Not D-I so is essentially another exhibition.

An odd note on this: Slippery Rock does consider this to be an exhibition game, but Michigan does not. The NCAA has a two-game limit on exhibition games, so maybe that's why. But it's strange to have one team call the game an exhibition, and the other, not.

To add to the confusion, the Michigan women are also hosting Slippery Rock in what both schools are terming an exhbition.

Mich Mash

October 1st, 2012 at 1:05 PM ^

Probably the most critical stretch of the schedule is 11 days in early February.  Between Feb. 2 and Feb. 12 we play @ Indiana, vs Ohio St., @ Wisconsin, and @ MSU.  If a B1G regular-season title is the goal, we'll need to come out of that 2-2 minimum.

Mich Mash

October 1st, 2012 at 2:05 PM ^

Actually, we've never* won there.

*The last (and only) time we beat Wisconsin at the Kohl Center was on 2/27/99 when we won 51-39.  However, this win was vacated due to sanctions against UM.  Louis Bullock led the way with 14pts while Brandon Smith and Robbie Reid each contributed 11pts.  Josh Asselin chipped in 12 rebounds.

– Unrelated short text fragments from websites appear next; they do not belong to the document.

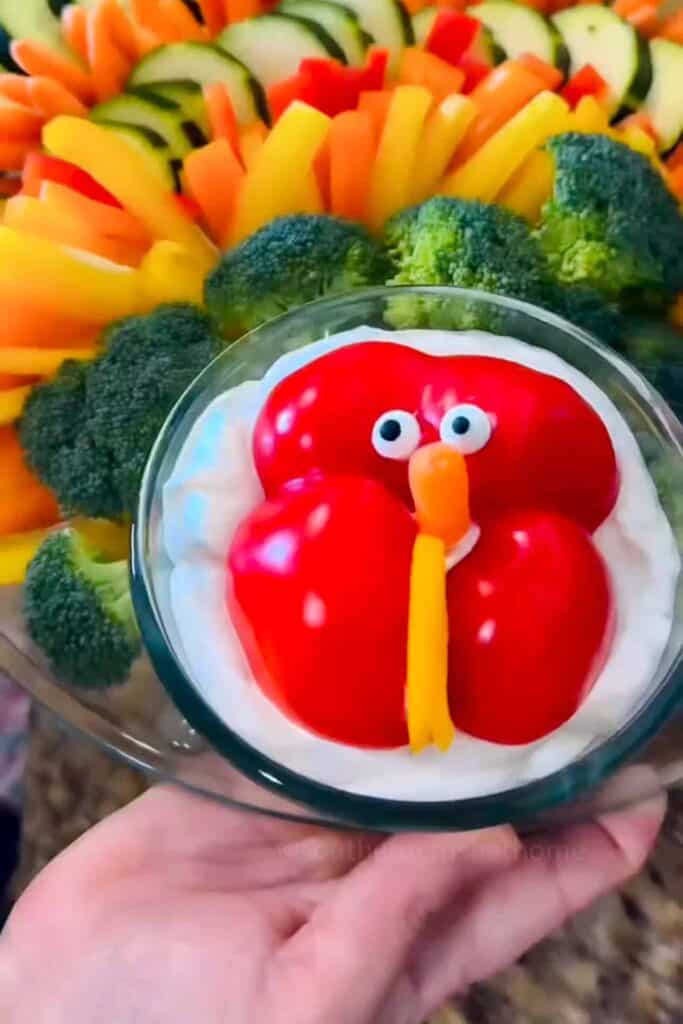 turkey face on crudite platter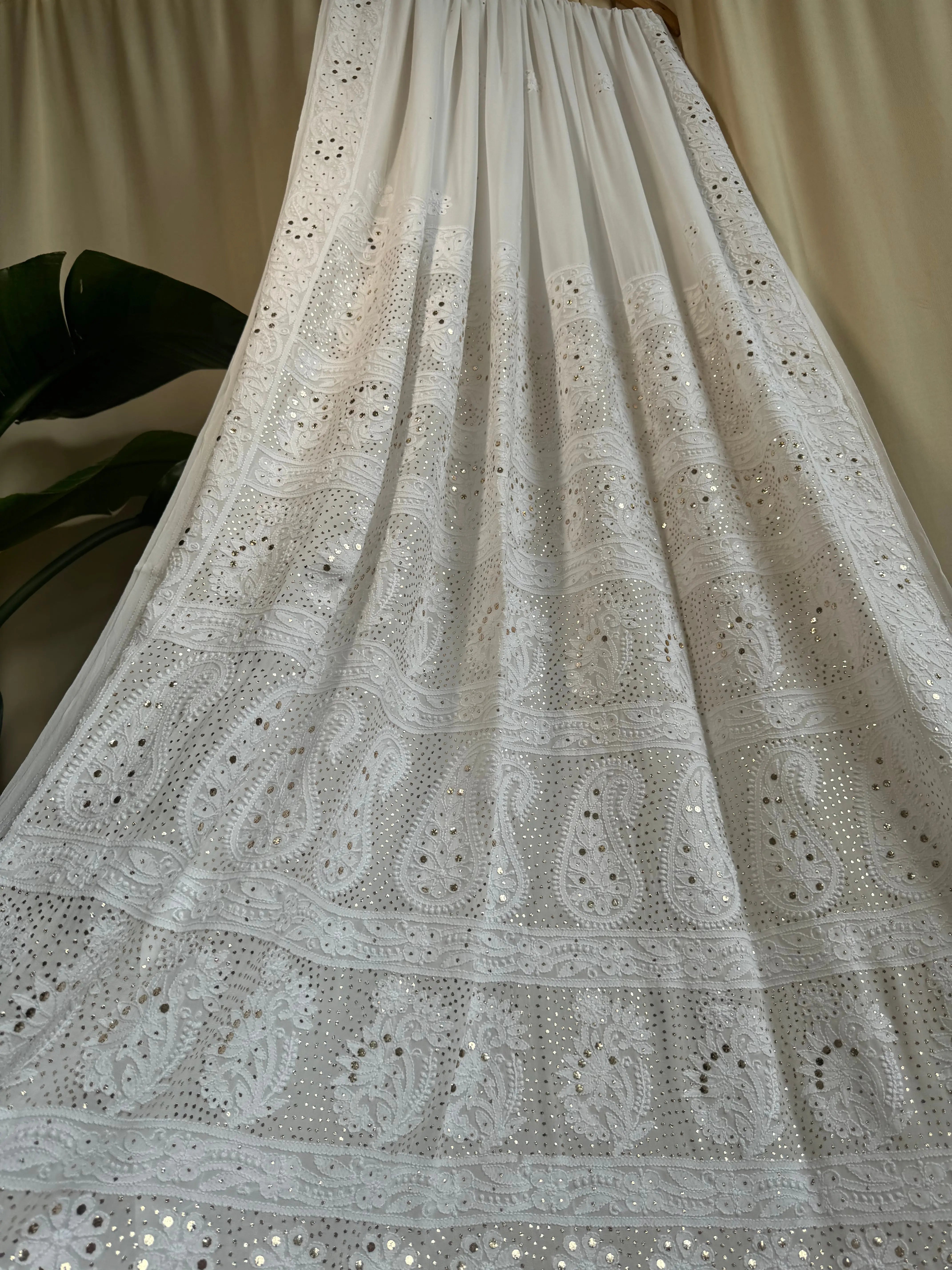 Viscose White Chikankari saree with Mukaish Work ARIAA CHIKANKARI 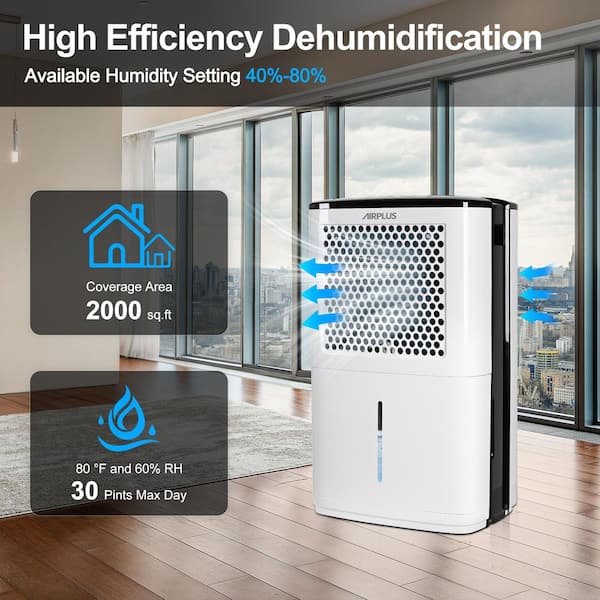 38 pt. 2000 sq. ft. Portable Dehumidifier in White with 3.8 L Tank, Auto Defrost, Anionic Air Release, Variable Speeds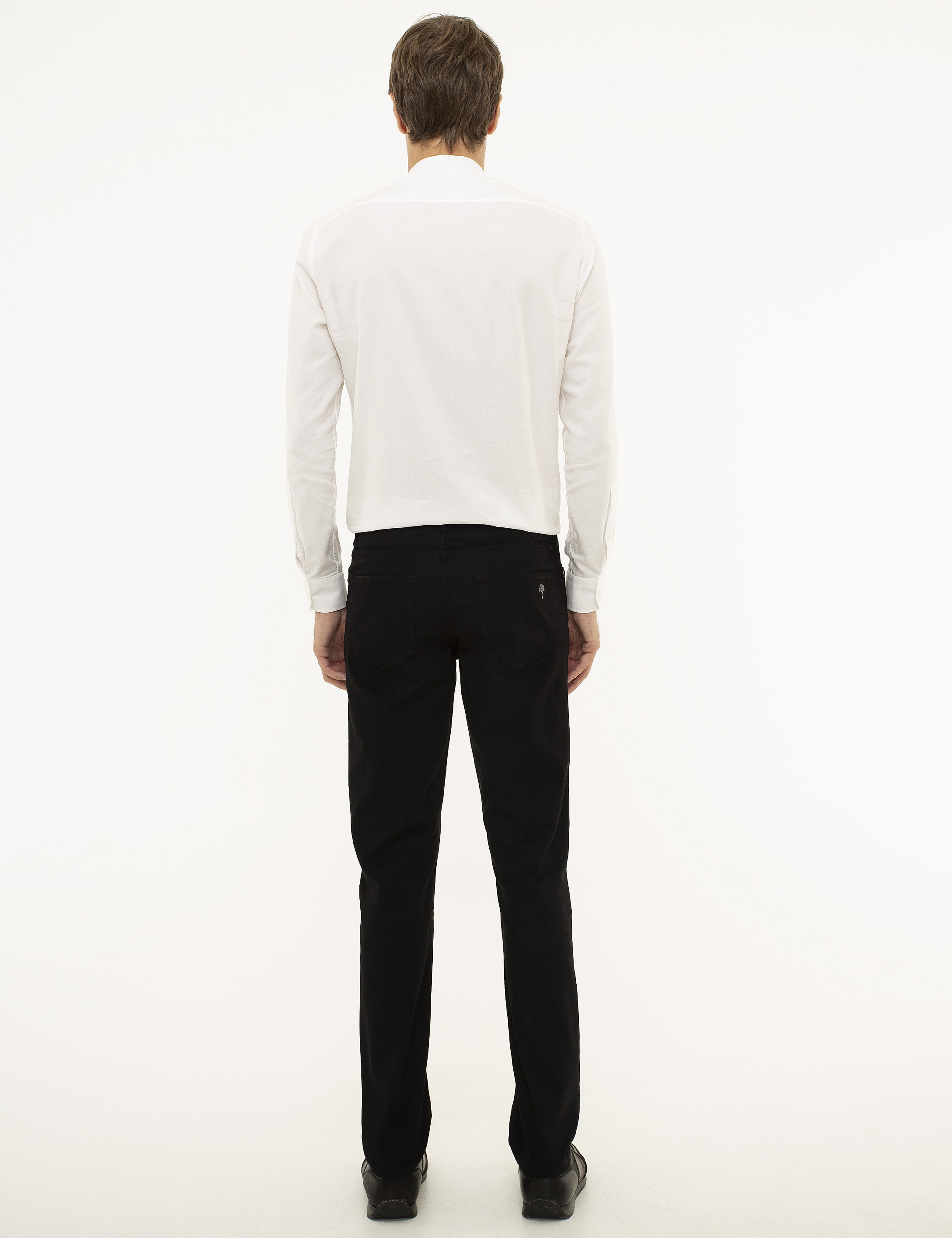 Siyah Slim Fit Kanvas Pantolon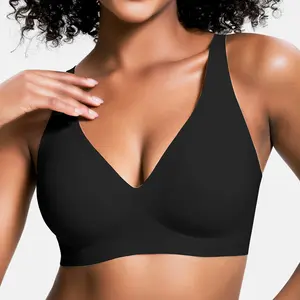 Womens Comfortable Wireless Bras Bralettes  Tshirts Bras Deep V Everyday Bras plus size bra   Plunge Bralette Comfortable support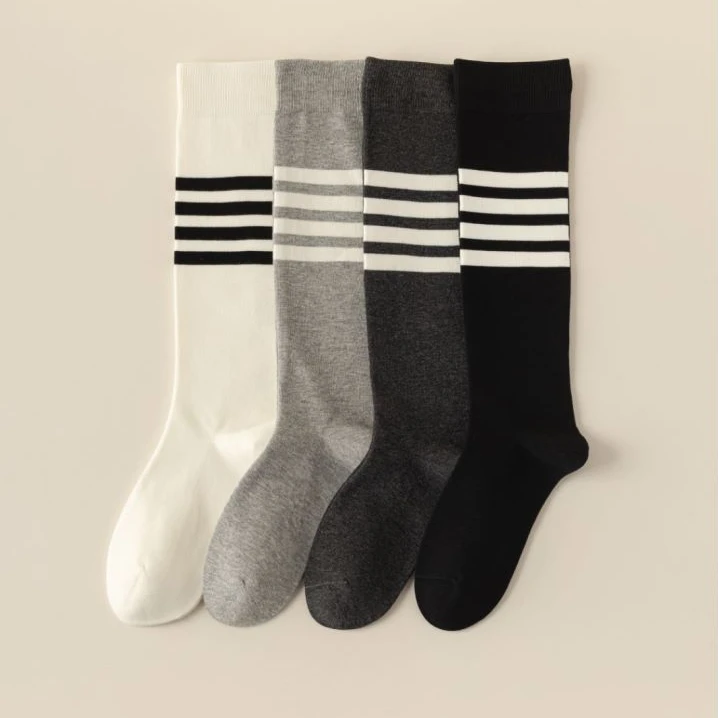 时代潮流AB款无骨缝合微压显瘦小腿袜舒适透气面料柔软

The last time we beat Wisconsin on their home court was on 12/31/97 when we beat them at the UW Fieldhouse 76-63.  Louis Bullock again led the way with 22pts.  Maceo Baston added 16pts and 12 rebounds.

Other than the '99 game:

2/16/00 (L) 59-75

2/27/02 (L) 54-74

2/26/03 (L) 42-73

1/21/04 (L) 63-74

2/16/05 (L) 50-76

1/24/07 (L) 58-71

3/22/08 (L) 61-64

3/1/09 (L) 55-60

1/20/10 (L) 48-54

1/5/11 (L) 50-66

Hopefully better results this year.

mGrowOld

October 1st, 2012 at 1:30 PM ^

Don't get too down on the "returned favors" scheduling.  While a season ticket holder for football I dont get to too many BBall games because I live in Northern Ohio.  But on December 7th, 1991, I was in the Cleveland Convocation Center (now Wolstein Center) to watch the CSU Vikings take on Michigan and these much discussed Freshman class they were bringing in.  Michigan was paying back CSU for hiring longtime Frieder assistant Mike Boyd and I got to see the Fab Five when they were just getting started!